▶ _Assigned task_: Print out the data precisely as it appears here, with no pictures.

■ ■ ■ ■

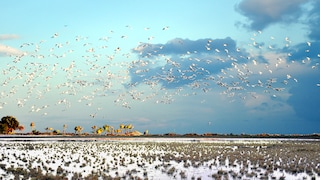 Migratory Birds Over the Island of Cyprus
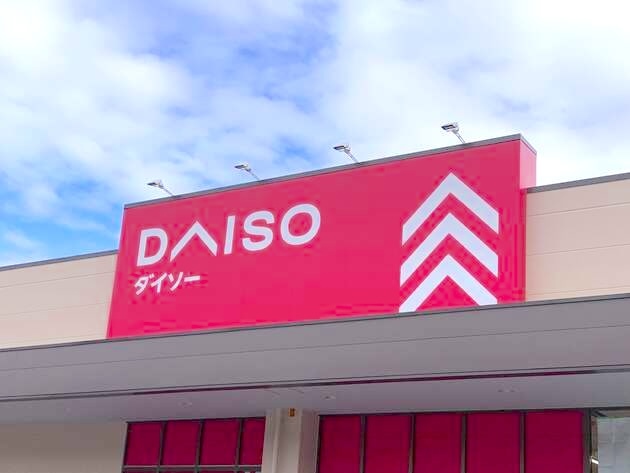 ごめん、無印良品やめて【ダイソー】で買う！SNSで話題「家にあるアレ」"神活用"4選「超便利」「嬉しい〜！」あれこれ買う必要なし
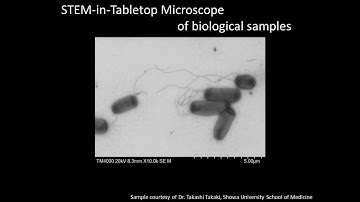 [Life] STEM-in-Tabletop Microscope of biological samples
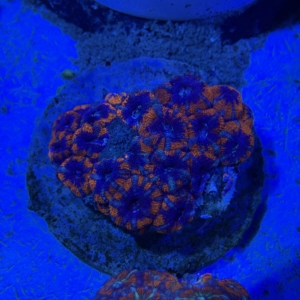 Acan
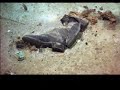 Relitto Titanic (wreck of Titanic) Relitto Titanic (wreck of Titanic)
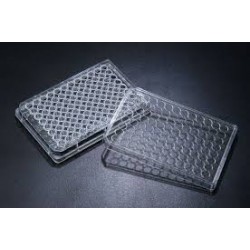 پلیت کشت سلول استریل 96Testplate Wells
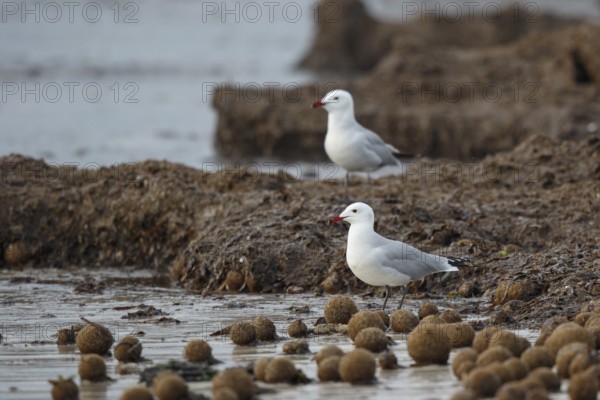 Audouin's Gull (Ichthyaetus audouinii), Mallorca, Spain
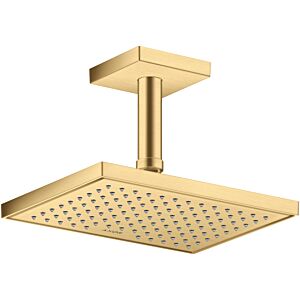 hansgrohe raccordement au plafond 26437250 100 mm, optique or brossé, carré
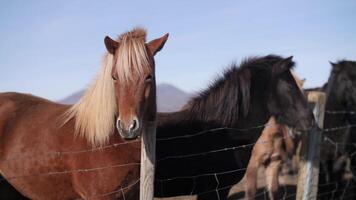 The brown horse eats hay. Icelandic horse. video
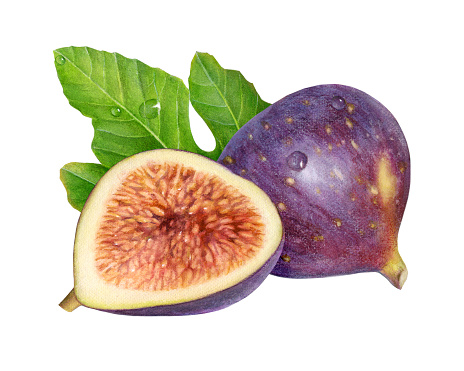 An illustration of a whole black fig, with a cut half on the left side and a leaf in the background.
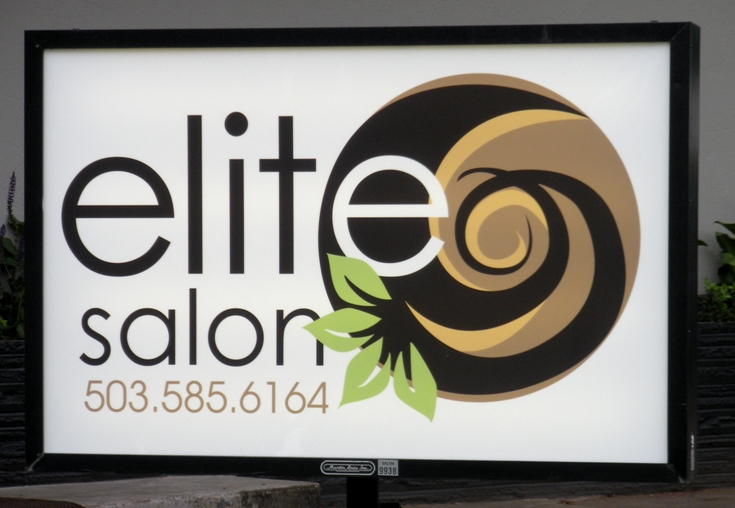 Elite Salon Illuminated Sign
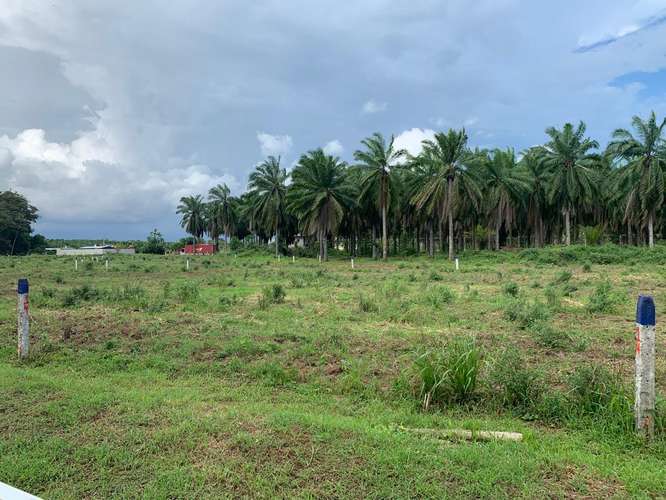 Lote Playa Bandera 316mts · Parrita, Puntarenas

■ ■ ■ ■

▶ _Solution to this problem_:
 Migratory Birds Over the Island of Cyprus
 ごめん、無印良品やめて【ダイソー】で買う！SNSで話題「家にあるアレ」"神活用"4選「超便利」「嬉しい〜！」あれこれ買う必要なし
 [Life] STEM-in-Tabletop Microscope of biological samples
 Acan
 Relitto Titanic (wreck of Titanic) Relitto Titanic (wreck of Titanic)
 پلیت کشت سلول استریل 96Testplate Wells
 Audouin's Gull (Ichthyaetus audouinii), Mallorca, Spain
 hansgrohe raccordement au plafond 26437250 100 mm, optique or brossé, carré
 The brown horse eats hay. Icelandic horse. video
 An illustration of a whole black fig, with a cut half on the left side and a leaf in the background.
 Elite Salon Illuminated Sign
 Lote Playa Bandera 316mts · Parrita, Puntarenas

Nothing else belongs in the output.